• **INPUT FOR THIS TASK**
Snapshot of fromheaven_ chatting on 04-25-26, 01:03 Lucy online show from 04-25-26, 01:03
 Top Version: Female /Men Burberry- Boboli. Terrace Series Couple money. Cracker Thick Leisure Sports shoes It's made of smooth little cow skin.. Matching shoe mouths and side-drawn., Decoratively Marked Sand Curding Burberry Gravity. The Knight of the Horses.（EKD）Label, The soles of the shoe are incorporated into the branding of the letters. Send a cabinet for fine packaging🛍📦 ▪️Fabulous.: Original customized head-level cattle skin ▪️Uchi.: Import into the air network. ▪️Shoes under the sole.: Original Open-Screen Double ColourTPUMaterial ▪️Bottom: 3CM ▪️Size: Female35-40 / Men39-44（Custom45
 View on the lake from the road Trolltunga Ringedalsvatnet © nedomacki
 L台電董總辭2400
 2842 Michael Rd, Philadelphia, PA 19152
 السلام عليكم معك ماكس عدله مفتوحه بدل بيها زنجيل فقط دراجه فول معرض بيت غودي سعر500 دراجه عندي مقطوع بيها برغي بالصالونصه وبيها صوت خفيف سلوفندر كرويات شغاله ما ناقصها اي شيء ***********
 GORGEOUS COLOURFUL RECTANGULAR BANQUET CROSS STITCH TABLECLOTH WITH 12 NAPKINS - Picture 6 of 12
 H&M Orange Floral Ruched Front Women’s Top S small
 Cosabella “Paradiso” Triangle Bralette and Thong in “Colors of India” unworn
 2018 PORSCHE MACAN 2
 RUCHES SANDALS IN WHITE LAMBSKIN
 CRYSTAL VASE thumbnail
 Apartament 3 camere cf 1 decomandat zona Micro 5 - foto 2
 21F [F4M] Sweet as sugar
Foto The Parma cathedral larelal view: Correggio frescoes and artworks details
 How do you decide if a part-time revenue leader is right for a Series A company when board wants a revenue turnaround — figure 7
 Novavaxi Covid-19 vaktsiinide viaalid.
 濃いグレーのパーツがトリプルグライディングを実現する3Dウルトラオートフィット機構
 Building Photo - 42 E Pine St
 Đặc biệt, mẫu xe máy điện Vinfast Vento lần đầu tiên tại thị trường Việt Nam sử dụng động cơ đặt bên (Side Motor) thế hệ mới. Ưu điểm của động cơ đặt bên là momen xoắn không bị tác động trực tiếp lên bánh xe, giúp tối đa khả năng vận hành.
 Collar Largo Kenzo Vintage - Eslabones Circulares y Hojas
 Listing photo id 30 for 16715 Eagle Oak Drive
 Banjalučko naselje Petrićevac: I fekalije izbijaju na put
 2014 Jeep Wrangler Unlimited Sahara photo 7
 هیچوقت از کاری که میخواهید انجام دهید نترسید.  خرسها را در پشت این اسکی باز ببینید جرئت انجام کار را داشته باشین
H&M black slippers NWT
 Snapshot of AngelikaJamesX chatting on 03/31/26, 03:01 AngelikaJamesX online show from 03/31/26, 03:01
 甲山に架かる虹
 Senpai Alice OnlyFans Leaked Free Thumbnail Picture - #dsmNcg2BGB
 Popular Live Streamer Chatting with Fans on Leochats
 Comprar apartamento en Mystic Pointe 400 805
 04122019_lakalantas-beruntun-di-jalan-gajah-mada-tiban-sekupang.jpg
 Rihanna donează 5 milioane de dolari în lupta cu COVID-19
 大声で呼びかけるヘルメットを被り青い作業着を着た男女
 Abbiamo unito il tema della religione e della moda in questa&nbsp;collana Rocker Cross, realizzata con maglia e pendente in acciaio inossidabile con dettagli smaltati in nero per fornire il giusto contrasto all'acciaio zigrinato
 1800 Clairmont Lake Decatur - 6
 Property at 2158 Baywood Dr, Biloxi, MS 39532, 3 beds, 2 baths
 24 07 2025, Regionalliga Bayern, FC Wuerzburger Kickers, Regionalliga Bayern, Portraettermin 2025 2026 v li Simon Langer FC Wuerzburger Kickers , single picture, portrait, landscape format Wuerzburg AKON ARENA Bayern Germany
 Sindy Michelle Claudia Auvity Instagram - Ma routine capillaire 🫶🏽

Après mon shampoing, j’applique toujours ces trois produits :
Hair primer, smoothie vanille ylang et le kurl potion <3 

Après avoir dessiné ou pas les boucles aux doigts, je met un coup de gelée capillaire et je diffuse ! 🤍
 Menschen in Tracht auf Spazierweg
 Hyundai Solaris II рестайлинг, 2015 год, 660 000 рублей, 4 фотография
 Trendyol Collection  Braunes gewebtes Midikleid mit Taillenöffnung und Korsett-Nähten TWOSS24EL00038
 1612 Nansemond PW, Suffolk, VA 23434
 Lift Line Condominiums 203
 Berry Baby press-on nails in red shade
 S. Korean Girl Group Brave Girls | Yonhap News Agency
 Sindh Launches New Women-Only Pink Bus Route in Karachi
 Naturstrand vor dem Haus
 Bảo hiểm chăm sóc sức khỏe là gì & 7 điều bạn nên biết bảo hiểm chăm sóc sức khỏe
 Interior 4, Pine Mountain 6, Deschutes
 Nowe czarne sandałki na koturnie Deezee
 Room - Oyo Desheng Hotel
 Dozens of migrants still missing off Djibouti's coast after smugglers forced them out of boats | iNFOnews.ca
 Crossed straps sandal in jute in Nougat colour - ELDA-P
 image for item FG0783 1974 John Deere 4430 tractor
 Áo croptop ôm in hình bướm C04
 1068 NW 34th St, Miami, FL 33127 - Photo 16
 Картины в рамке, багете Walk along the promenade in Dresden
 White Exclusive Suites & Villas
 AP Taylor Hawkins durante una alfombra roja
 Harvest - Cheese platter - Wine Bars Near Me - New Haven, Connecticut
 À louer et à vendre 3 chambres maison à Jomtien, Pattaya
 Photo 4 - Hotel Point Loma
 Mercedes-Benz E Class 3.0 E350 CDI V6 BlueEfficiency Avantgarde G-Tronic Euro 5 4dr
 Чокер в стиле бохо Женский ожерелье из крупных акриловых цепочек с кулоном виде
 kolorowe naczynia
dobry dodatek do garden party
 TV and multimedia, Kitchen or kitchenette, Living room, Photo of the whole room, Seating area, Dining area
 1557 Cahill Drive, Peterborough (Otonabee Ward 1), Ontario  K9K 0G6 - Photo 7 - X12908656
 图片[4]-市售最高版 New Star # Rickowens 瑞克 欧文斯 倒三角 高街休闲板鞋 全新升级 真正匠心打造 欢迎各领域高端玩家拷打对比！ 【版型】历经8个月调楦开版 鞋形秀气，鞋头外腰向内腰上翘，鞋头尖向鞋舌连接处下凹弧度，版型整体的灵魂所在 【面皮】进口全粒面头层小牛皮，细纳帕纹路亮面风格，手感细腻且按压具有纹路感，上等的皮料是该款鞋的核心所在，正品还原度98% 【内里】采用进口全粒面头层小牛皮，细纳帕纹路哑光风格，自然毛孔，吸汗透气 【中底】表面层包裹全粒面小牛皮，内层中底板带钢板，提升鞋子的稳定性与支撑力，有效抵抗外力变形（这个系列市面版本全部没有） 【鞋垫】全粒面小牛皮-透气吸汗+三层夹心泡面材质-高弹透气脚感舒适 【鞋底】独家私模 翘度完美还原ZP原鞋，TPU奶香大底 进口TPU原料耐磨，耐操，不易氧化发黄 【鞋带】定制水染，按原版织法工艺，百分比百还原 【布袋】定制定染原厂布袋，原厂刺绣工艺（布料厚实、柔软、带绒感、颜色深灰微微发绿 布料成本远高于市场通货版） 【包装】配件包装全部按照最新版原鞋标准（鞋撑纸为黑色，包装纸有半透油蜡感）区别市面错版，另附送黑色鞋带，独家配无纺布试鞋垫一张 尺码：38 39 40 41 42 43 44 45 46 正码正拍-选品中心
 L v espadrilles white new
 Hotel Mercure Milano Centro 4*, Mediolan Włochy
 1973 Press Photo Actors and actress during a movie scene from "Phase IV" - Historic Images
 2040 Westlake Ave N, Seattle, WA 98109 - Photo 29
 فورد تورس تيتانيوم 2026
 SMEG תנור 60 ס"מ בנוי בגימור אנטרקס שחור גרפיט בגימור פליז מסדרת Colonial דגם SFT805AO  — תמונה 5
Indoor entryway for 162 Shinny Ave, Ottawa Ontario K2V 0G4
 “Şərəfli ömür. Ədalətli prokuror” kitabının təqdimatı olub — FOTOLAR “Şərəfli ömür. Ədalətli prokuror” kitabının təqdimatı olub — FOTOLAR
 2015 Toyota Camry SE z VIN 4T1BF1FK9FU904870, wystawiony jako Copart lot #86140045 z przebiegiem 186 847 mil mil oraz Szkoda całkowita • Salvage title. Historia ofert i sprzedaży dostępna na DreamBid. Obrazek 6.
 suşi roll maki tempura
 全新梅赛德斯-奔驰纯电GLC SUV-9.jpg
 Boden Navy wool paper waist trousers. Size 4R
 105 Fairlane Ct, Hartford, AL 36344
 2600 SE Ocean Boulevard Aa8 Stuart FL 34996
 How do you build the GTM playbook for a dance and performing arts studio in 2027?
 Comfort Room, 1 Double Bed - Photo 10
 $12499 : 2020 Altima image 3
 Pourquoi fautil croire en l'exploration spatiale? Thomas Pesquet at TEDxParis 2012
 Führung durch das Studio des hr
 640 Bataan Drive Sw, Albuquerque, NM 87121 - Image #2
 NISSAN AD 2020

• **AIM OF THE TASK**
Starting at the line that contains "How do you build", reproduce each line through the end of the records exactly, both ends included.

• **RESULT**
 How do you build the GTM playbook for a dance and performing arts studio in 2027?
 Comfort Room, 1 Double Bed - Photo 10
 $12499 : 2020 Altima image 3
 Pourquoi fautil croire en l'exploration spatiale? Thomas Pesquet at TEDxParis 2012
 Führung durch das Studio des hr
 640 Bataan Drive Sw, Albuquerque, NM 87121 - Image #2
 NISSAN AD 2020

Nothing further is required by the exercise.